Banda originally worked at a mission for coloured seamen, before moving to a general practice in the London suburb of Harlesden. At this time, he lodged in a hotel, The Conway Court, in Paddington run by Mrs Janet Evans. Reportedly, he avoided returning to Nyasaland for fear that his new-found financial resources would be consumed by his extended family back home.
In 1946, at the behest of Chief Mwase of Kasungu, whom he had met in England in 1939, and other politically active Malawians, he represented the Nyasaland African Congress at the fifth Pan African Congress in Manchester. From this time, he took an increasingly active interest in his native land, advising the Congress and providing it some financial support. With help from sympathetic British, he also lobbied in London on their behalf.
Banda was actively opposed to the efforts of Sir Roy Welensky, a politician in Northern Rhodesia, to form a federation between Southern and Northern Rhodesia with Nyasaland, a move which he feared would result in further deprivation of rights for the Nyasaland blacks. The (as he famously called it) "stupid" federation was formed in 1953.
It was rumored with some excitement that he would return to Nyasaland in 1951, but he moved instead to the Gold Coast in West Africa. He may have gone there partly because of a scandal involving his receptionist in Harlesden, Mrs. French, who became pregnant with his child. Banda was cited as co-respondent in the divorce of Major French and accused of adultery with Mrs. French. She followed Banda to West Africa, but he wanted nothing more to do with her or their child.[2] (She died penniless in 1976.[citation needed])

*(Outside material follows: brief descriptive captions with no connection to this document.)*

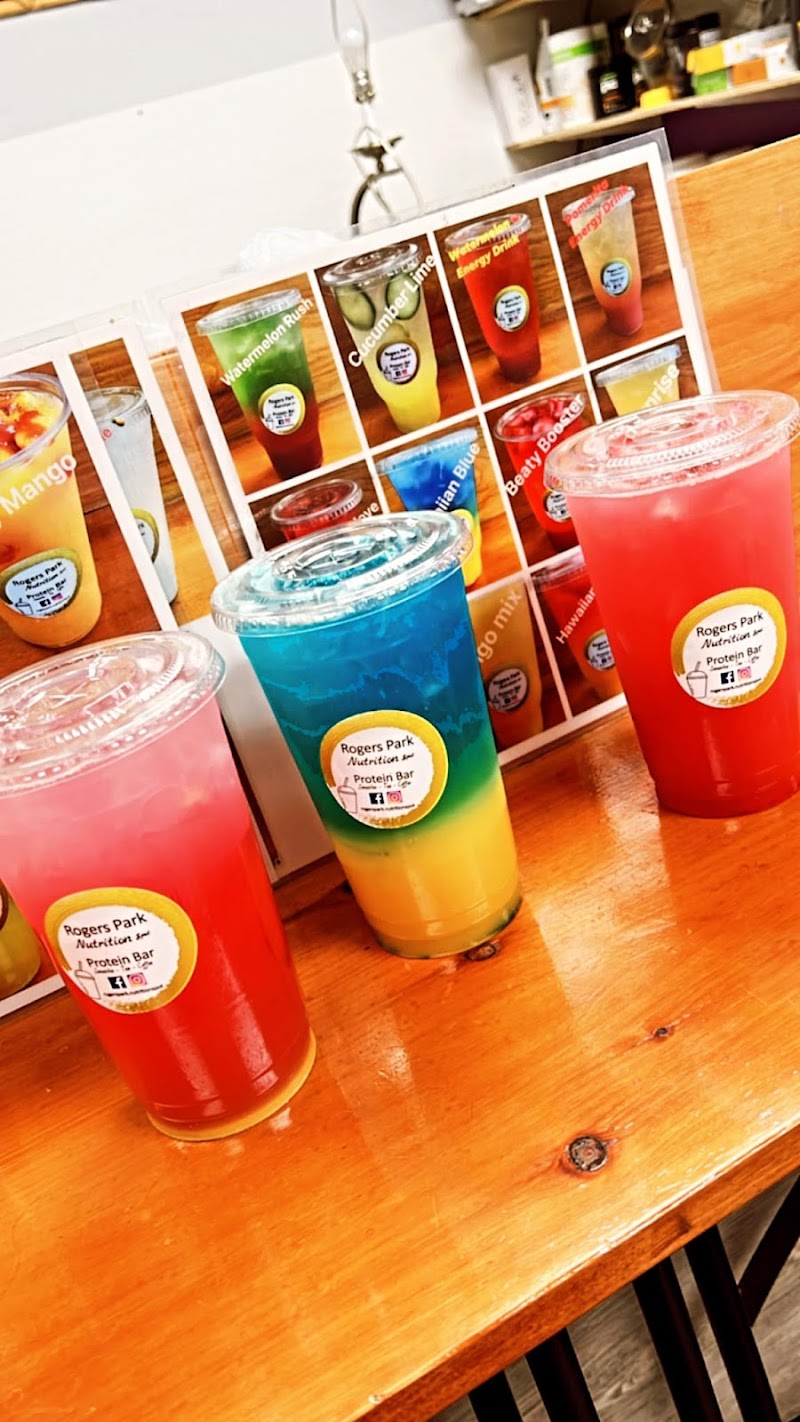 Rogers Park Nutrition Spot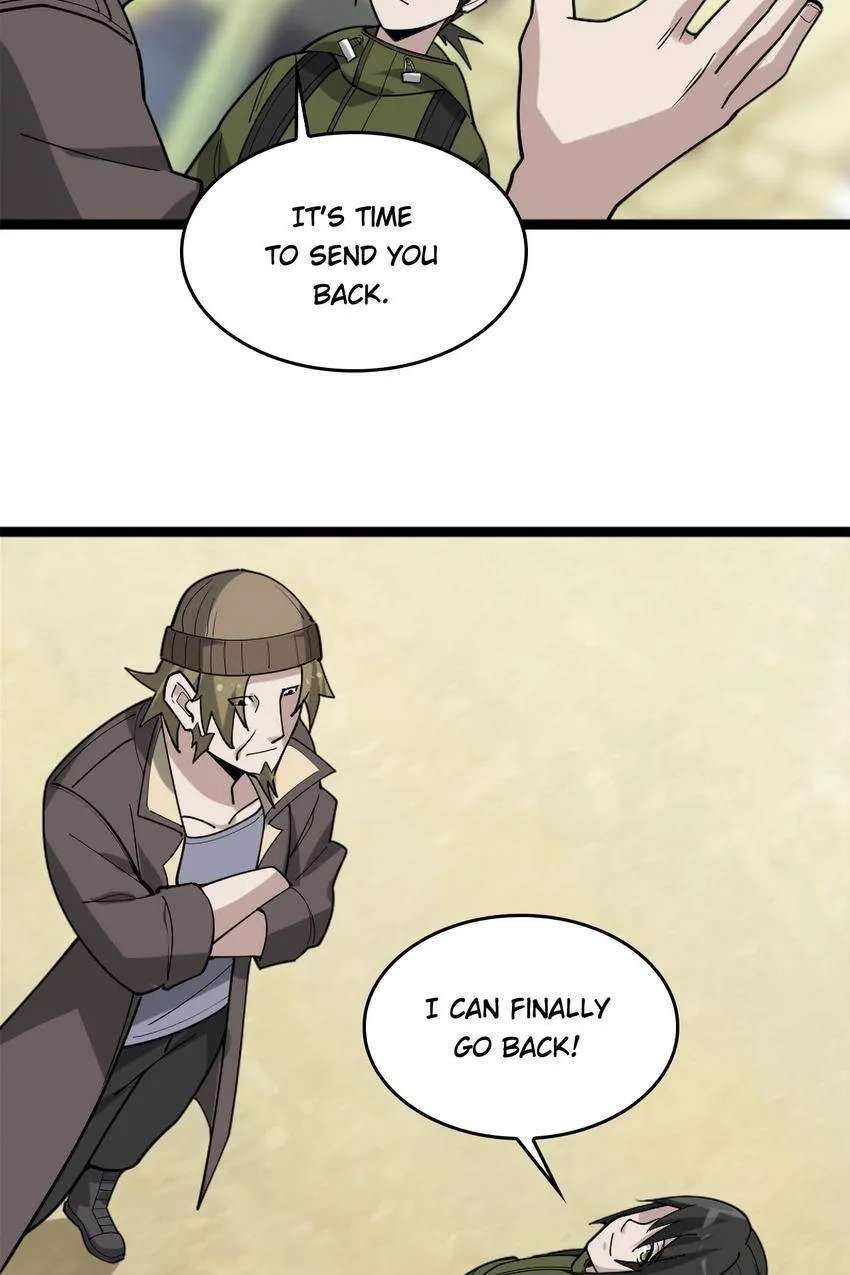 The Master of Fate Chapter 103 - page 22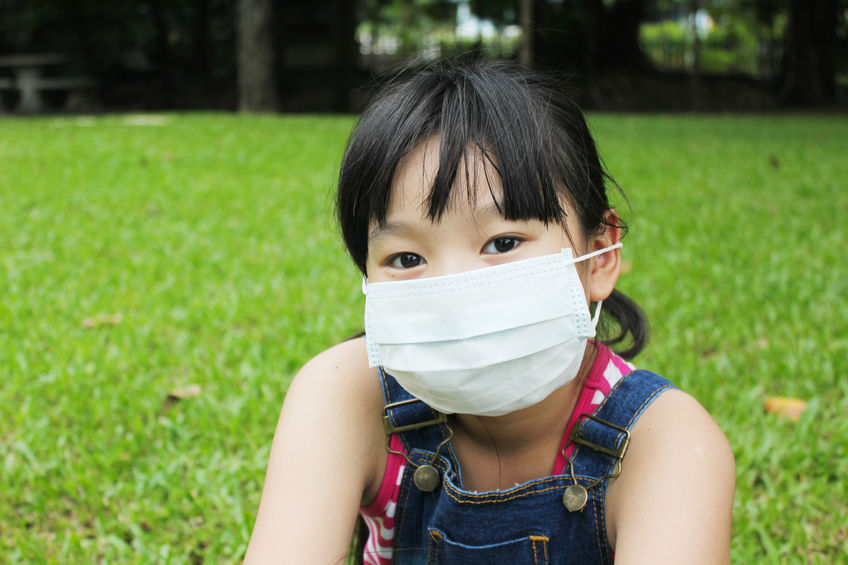 ห่วงเด็กเล็กสูดฝุ่น PM2.5 เร่งเสริมความรู้พ่อแม่สังเกตอาการ thaihealth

Several influential Congress leaders, including Henry Chipembere, Kanyama Chiume, Dunduzu Chisiza and T.D.T. Banda (no relation) pleaded with him to return to Nyasaland to take up leadership of their cause. A delegation sent to London met with Dr. Banda at the Port of Liverpool where he was making arrangements to return to Ghana. He agreed to return, but asked for some time to sort out a few private matters, probably seeking to clear his political name after the Mrs. French debacle.[citation needed] The delegation returned without him and proceeded to make arrangements for his imminent return. After two false starts, including a fracas between the police and African crowds threatening to storm a BOAC airplane rumored to be carrying Dr. Banda at Chileka Airport, Banda finally made a showing on 6 July 1958 after an absence of about 42 years. In August, at Nkata Bay, he was acclaimed as the leader of the Congress.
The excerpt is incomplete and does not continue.